Concurrency in modern programming languages: Rust

Concurrency in modern programming languages: Rust
Deepu K Sasidharan Deepu K Sasidharan| | 10 mins read |

This is a multi-part series where I’ll be talking about concurrency in modern programming languages and will be building and benchmarking a concurrent web server, inspired by the example from the Rust book, in popular languages like Rust, Go, JavaScript (NodeJS), TypeScript (Deno), Kotlin and Java to compare concurrency and its performance between these languages/platforms. The chapters of this series are as below and I’ll try to publish them weekly.

  1. Introduction
  2. Concurrent web server in Rust
  3. Concurrent web server in Golang
  4. Concurrent web server in JavaScript with NodeJS
  5. Concurrent web server in TypeScript with Deno
  6. Concurrent web server in Java with JVM
  7. Comparison and conclusion of benchmarks

Concurrency in Rust

Handling concurrent programming safely and efficiently is another of Rust’s major goals.

– Rust docs

Efficient and memory safe concurrency is one of the major goals of Rust and these are not just plain words, the language offers great features for concurrent programming and when combined with the best in class memory safety model makes it a great choice for concurrency use cases. As with everything else in Rust, the idea is that you spend more time upfront (read compile-time) fixing issues rather than spending time fixing issues in production (read runtime). So if you are new to Rust it might look like more time spent on writing code but it will considerable effort later on by avoiding a lot of issues that generally pop up in languages with not-so-great memory safety. The Rust team calls this “fearless concurrency”.

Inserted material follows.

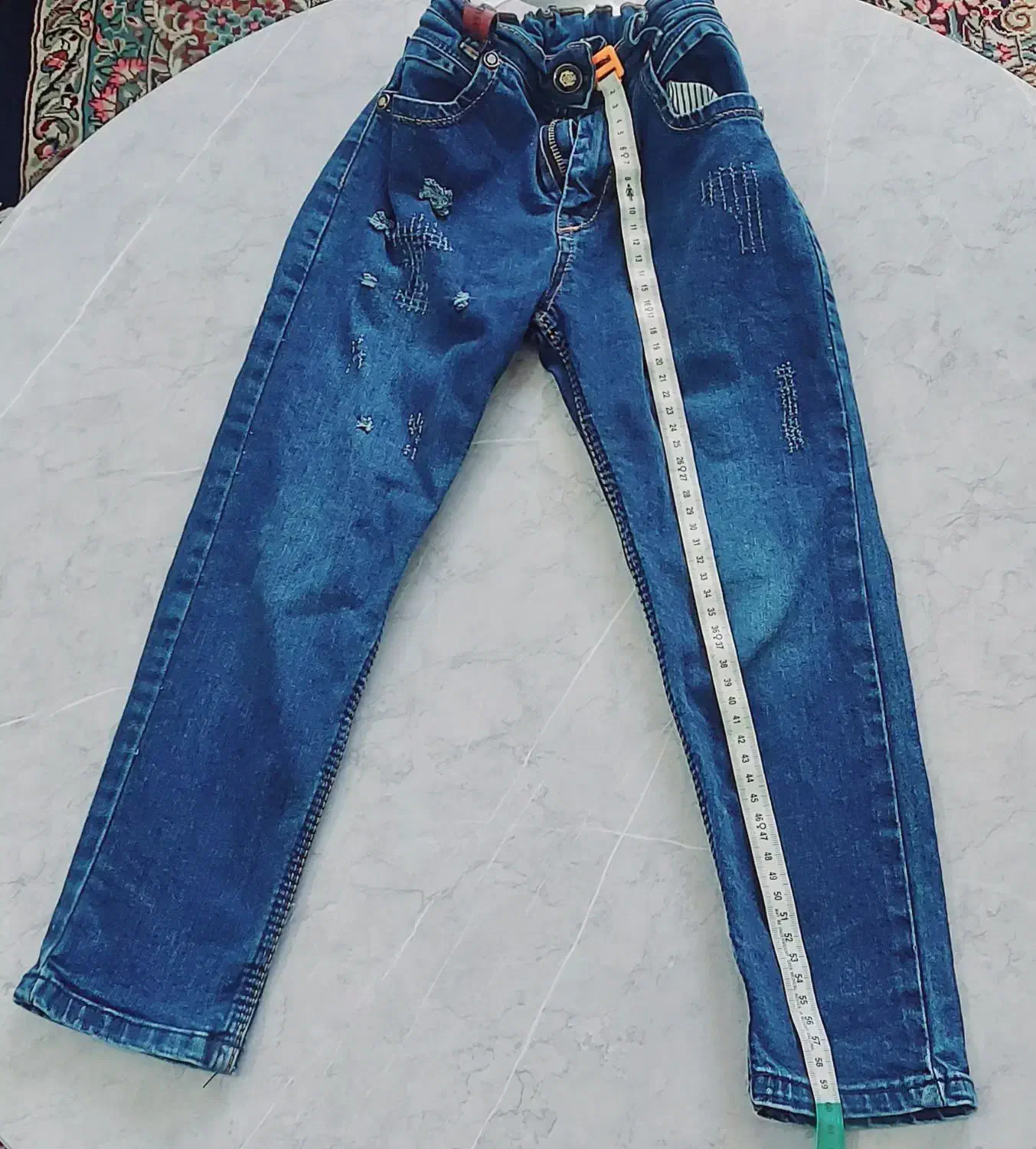 شلوار و لباس گرم بچگانه|کفش و لباس بچه|کرمان, |دیوار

As with everything else in Rust the idea is that you spend more time upfront (read compile-time) fixing issues rather than spending time fixing issues in production (read runtime).

There are other languages like Go, which offers simpler and equally performant solutions for concurrency but they aren’t as powerful as Rust due to the flexibility offered by Rust. Basically, Rust provides you with building blocks required for concurrent, parallel, and asynchronous programming and you can extend or implement different solutions as you see fit or use a solution offered by the community. This allows for one to use the best possible solution for the use case rather than using the same hammer for all jobs.

With Rust, it’s possible to do multi-threaded concurrency or parallel programming as well as asynchronous programming. This means as we saw in the previous chapter, we can mix and match these models to get the best possible performance for any use case.

Multi-threading

Rust provides building blocks to create and manage OS threads as part of the standard library and it also provides implementations required for message-passing concurrency (similar to Go) using channels and shared-state concurrency using Mutexes and Smart pointers. Rust’s type system and ownership model helps to avoid common concurrency issues like data race, locks, etc.

Asynchronous processing

Technically asynchronous programming is not part of concurrency but in practice, it goes hand in hand for many use cases and improves performance, and makes resource usage more efficient. The latest versions of Rust provides building blocks and language features required for asynchronous programming with the async/.await syntax. But do keep in mind that using an asynchronous programming model increases the overall complexity and the ecosystem is still evolving. While Rust provides the language features required the standard library doesn’t provide any implementations needed and hence you would have to use an external crate like Futures to be able to use the asynchronous programming model effectively.

Benchmarking

Now that we have some basic understanding of concurrency features in Rust, let us build a simple concurrent webserver in Rust. Since Rust offers multiple ways to achieve this we’ll be building three sample applications and comparing them. The Rust version used is the latest (1.48.0) at the time of writing.

Multi-threaded concurrent webserver

This example is closer to the example from the official Rust book, I have omitted import statements for brevity. You can find the full example on GitHub here. The ThreadPool struct is exactly the same as in the Rust book. We are not using any external dependency in this case.

1
2
3
4
5
6
7
8
9
10
11
12
13
14
15
16
17
18
19
20
21
22
23
24
25
26
27
28
29
30
31
32
33
34
35
36
37
38
39
40
fn main() {
    let listener = TcpListener::bind("127.0.0.1:8080").unwrap(); // bind listener
    let pool = ThreadPool::new(100); // same number as max concurrent requests

    let mut count = 0; // count used to introduce delays

    // listen to all incoming request streams
    for stream in listener.incoming() {
        let stream = stream.unwrap();
        count = count + 1;
        pool.execute(move || {
            handle_connection(stream, count); // spawning each connection in a new thread
        });
    }
}

fn handle_connection(mut stream: TcpStream, count: i64) {
    // Read the first 1024 bytes of data from the stream
    let mut buffer = [0; 1024];
    stream.read(&mut buffer).unwrap();

    // add 2 second delay to every 10th request
    if (count % 10) == 0 {
        println!("Adding delay. Count: {}", count);
        thread::sleep(Duration::from_secs(2));
    }

    let header = "
HTTP/1.0 200 OK
Connection: keep-alive
Content-Length: 174
Content-Type: text/html; charset=utf-8
    ";
    let contents = fs::read_to_string("hello.html").unwrap();

    let response = format!("{}\r\n\r\n{}", header, contents);

    stream.write(response.as_bytes()).unwrap(); // write response
    stream.flush().unwrap();
}

As you can see we bind a TCP listener to port 8080 and listen to all incoming requests. Each request is processed in a new thread provided by a ThreadPool.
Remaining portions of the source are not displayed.